Exercise details: Restate every record exactly as it is written, while omitting the pictures it holds.

Data section:
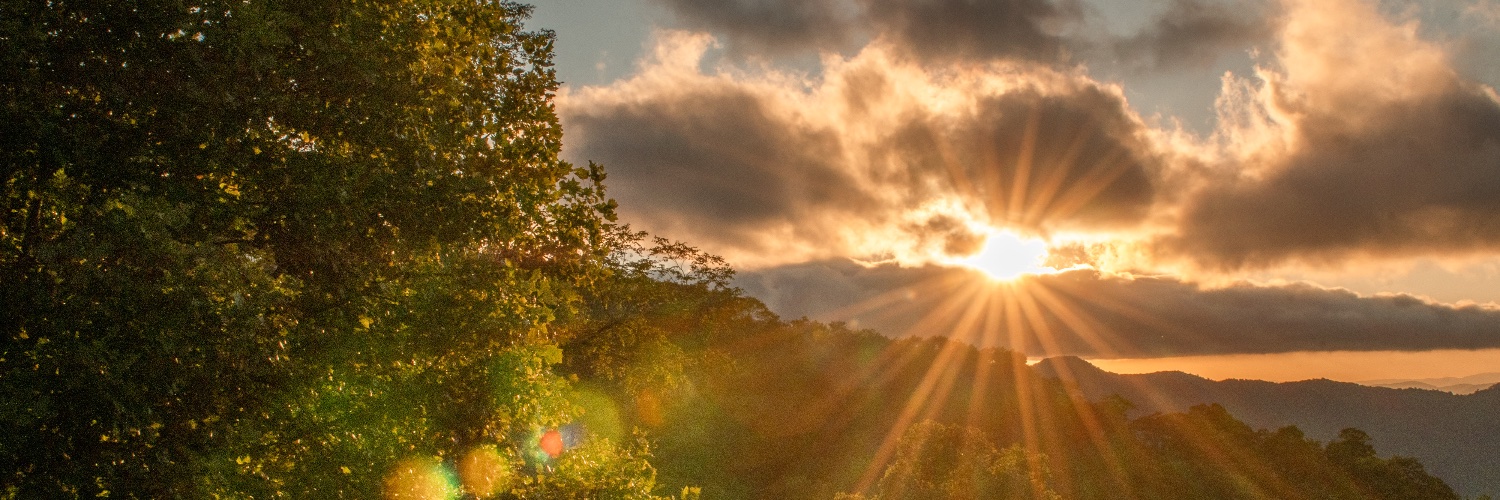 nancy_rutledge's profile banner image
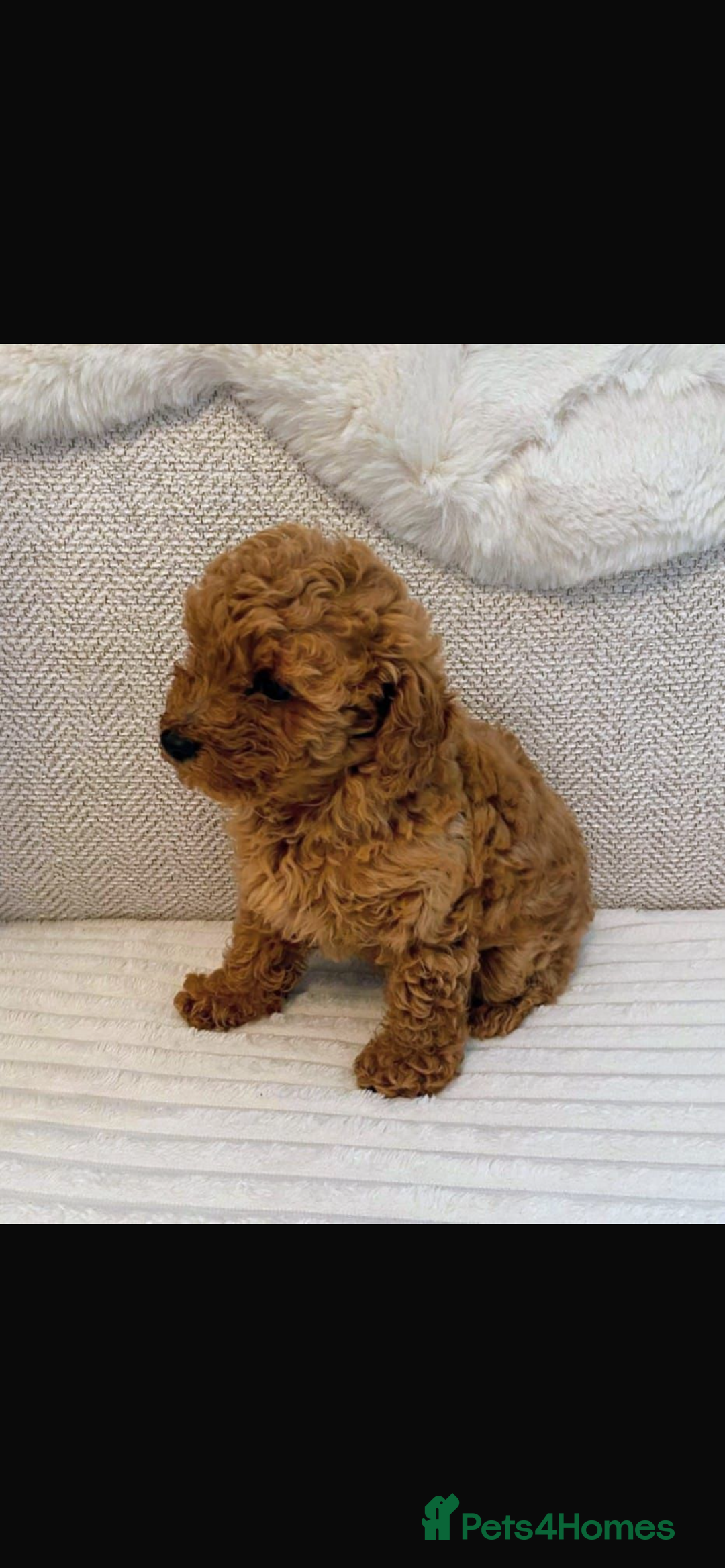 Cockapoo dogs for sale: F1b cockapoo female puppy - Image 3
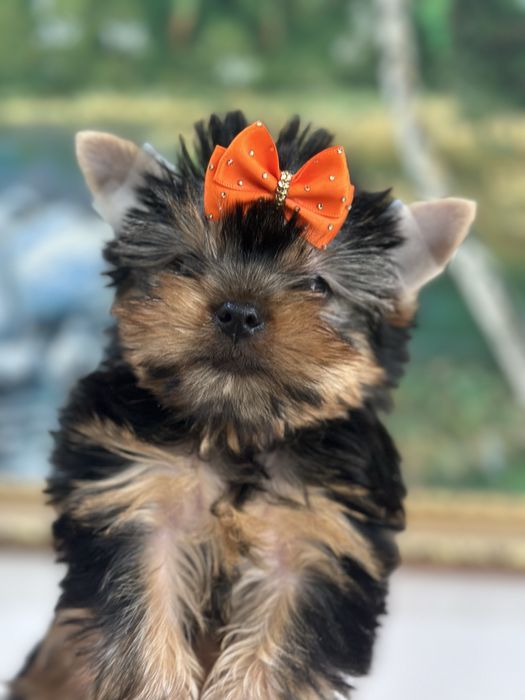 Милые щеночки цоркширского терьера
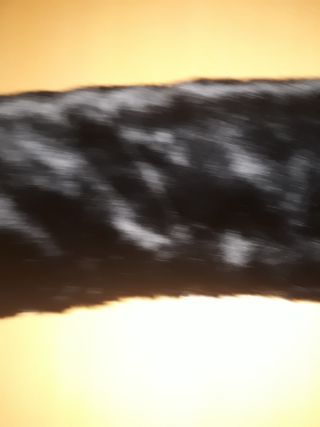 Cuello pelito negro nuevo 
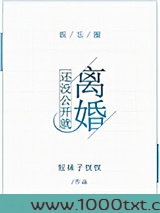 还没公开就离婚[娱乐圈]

Result of this task:
 nancy_rutledge's profile banner image
 Cockapoo dogs for sale: F1b cockapoo female puppy - Image 3
 Милые щеночки цоркширского терьера
 Cuello pelito negro nuevo 
 还没公开就离婚[娱乐圈]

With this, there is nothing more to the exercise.